Start of Dataset extract
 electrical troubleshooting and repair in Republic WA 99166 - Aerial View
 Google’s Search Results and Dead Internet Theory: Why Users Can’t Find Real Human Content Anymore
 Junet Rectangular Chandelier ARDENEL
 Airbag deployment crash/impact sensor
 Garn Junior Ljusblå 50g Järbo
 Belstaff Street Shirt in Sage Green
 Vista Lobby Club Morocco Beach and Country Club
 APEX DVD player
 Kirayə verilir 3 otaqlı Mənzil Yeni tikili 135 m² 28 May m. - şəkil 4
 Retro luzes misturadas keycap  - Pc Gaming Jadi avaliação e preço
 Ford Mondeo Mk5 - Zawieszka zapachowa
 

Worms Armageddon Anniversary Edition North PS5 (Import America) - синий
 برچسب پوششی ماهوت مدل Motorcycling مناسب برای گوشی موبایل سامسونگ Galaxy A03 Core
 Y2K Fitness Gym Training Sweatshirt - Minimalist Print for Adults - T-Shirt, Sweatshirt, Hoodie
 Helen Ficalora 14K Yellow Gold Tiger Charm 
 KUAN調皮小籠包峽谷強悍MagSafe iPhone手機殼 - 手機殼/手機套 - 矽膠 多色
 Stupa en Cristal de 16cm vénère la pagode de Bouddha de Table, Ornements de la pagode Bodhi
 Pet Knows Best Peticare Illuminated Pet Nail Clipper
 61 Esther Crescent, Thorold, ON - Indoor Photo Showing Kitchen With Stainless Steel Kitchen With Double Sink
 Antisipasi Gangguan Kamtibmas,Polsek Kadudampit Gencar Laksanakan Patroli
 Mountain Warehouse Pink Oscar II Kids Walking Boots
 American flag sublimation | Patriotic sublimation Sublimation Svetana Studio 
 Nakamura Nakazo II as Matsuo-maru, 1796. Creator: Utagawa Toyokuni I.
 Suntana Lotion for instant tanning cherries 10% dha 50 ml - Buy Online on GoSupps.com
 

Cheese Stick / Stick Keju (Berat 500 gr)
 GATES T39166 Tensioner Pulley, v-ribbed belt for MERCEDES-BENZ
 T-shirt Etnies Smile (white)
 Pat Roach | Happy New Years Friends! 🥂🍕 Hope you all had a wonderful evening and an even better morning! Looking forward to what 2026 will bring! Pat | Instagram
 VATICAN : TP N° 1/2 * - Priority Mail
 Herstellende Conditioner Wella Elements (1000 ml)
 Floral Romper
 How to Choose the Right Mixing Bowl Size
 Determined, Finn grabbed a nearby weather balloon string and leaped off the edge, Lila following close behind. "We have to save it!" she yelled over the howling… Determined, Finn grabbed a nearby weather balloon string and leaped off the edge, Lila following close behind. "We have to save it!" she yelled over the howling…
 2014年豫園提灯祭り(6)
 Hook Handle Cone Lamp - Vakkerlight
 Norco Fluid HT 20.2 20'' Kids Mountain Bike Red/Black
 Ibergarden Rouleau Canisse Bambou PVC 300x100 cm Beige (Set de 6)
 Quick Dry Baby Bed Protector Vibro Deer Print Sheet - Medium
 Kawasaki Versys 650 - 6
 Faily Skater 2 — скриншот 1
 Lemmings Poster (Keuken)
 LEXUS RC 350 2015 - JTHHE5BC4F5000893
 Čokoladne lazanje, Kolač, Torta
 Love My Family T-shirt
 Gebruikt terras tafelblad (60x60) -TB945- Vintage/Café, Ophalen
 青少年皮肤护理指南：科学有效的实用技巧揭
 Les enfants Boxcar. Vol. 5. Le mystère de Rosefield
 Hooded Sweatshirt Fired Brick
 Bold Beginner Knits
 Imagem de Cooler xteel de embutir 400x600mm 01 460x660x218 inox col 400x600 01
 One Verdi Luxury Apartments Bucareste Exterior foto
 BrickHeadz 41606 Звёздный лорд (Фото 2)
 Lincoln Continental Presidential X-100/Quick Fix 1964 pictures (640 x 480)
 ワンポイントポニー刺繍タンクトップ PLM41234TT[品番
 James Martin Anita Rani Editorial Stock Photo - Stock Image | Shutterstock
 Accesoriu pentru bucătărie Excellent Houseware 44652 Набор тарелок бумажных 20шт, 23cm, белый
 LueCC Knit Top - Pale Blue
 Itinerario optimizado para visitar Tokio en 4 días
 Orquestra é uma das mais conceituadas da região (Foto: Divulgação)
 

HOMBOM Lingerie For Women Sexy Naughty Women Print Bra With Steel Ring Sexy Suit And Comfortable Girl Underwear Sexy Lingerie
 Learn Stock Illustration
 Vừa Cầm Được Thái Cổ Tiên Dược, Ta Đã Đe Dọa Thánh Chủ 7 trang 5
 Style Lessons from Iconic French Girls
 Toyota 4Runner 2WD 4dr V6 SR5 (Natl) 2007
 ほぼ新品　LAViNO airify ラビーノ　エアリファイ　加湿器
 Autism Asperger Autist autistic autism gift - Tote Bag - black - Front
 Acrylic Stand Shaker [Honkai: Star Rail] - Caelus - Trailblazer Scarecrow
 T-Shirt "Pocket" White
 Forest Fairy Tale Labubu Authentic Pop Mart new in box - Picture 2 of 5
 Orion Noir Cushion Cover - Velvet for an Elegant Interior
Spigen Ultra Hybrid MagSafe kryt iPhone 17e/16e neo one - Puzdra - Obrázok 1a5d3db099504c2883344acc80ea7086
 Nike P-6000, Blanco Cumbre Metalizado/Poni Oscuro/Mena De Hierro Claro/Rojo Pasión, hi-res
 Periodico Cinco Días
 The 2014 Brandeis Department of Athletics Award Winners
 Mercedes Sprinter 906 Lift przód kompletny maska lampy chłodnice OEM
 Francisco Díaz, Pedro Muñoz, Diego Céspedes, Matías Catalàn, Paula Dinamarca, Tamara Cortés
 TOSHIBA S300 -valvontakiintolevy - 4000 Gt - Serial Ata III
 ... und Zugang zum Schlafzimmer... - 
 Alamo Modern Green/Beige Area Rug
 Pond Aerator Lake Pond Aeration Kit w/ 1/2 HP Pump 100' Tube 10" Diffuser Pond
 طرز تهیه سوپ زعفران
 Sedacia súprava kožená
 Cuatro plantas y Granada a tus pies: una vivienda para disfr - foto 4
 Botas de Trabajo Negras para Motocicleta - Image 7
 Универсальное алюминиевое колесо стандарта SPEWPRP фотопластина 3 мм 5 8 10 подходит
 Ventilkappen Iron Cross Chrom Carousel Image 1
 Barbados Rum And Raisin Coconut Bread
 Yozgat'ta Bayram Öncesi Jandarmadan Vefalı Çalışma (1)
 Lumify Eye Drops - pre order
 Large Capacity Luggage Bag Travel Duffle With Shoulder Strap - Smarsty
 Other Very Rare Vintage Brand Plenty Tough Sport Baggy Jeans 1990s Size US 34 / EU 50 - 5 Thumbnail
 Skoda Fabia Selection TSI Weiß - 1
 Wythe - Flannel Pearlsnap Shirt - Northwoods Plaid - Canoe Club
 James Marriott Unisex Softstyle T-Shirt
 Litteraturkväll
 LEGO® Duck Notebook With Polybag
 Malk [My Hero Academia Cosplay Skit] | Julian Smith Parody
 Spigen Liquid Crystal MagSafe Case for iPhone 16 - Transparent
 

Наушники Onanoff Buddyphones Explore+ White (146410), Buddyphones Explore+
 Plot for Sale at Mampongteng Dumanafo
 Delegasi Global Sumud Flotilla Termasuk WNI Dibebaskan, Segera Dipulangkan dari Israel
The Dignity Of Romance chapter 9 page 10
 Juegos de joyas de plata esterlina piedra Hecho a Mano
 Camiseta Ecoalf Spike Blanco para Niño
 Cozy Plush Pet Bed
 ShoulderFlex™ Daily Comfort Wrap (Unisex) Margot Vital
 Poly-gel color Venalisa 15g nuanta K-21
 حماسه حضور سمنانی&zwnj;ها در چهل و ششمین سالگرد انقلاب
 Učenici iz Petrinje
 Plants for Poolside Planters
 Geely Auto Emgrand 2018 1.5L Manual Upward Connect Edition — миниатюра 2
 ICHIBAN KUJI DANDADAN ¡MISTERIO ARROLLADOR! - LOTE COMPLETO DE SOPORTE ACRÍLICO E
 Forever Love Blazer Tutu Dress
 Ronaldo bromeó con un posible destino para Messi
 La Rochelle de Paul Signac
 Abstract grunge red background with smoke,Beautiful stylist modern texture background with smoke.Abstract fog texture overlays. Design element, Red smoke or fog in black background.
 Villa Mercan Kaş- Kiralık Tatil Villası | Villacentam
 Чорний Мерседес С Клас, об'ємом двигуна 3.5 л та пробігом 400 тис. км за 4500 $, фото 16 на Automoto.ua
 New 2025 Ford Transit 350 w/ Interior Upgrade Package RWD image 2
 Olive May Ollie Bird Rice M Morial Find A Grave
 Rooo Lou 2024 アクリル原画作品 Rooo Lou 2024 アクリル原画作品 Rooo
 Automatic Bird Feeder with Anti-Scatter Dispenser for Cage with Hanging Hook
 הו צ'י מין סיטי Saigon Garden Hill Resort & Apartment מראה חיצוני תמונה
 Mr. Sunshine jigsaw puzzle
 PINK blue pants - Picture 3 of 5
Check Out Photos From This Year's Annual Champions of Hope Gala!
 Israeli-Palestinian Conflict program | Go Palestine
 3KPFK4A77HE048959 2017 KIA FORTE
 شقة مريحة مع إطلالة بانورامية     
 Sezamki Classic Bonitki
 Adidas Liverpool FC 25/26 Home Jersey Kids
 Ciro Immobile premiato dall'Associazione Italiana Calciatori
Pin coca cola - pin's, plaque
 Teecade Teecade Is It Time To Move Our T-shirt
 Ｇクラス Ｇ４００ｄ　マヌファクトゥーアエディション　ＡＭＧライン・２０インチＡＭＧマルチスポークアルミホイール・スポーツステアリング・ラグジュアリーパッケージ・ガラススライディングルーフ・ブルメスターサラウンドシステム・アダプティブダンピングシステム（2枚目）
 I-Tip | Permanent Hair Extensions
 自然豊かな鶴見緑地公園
End of Dataset extract
__What needs to be done__:
Extract every line of the records above that contains the word "Green".

__Output__:
 Belstaff Street Shirt in Sage Green
 Alamo Modern Green/Beige Area Rug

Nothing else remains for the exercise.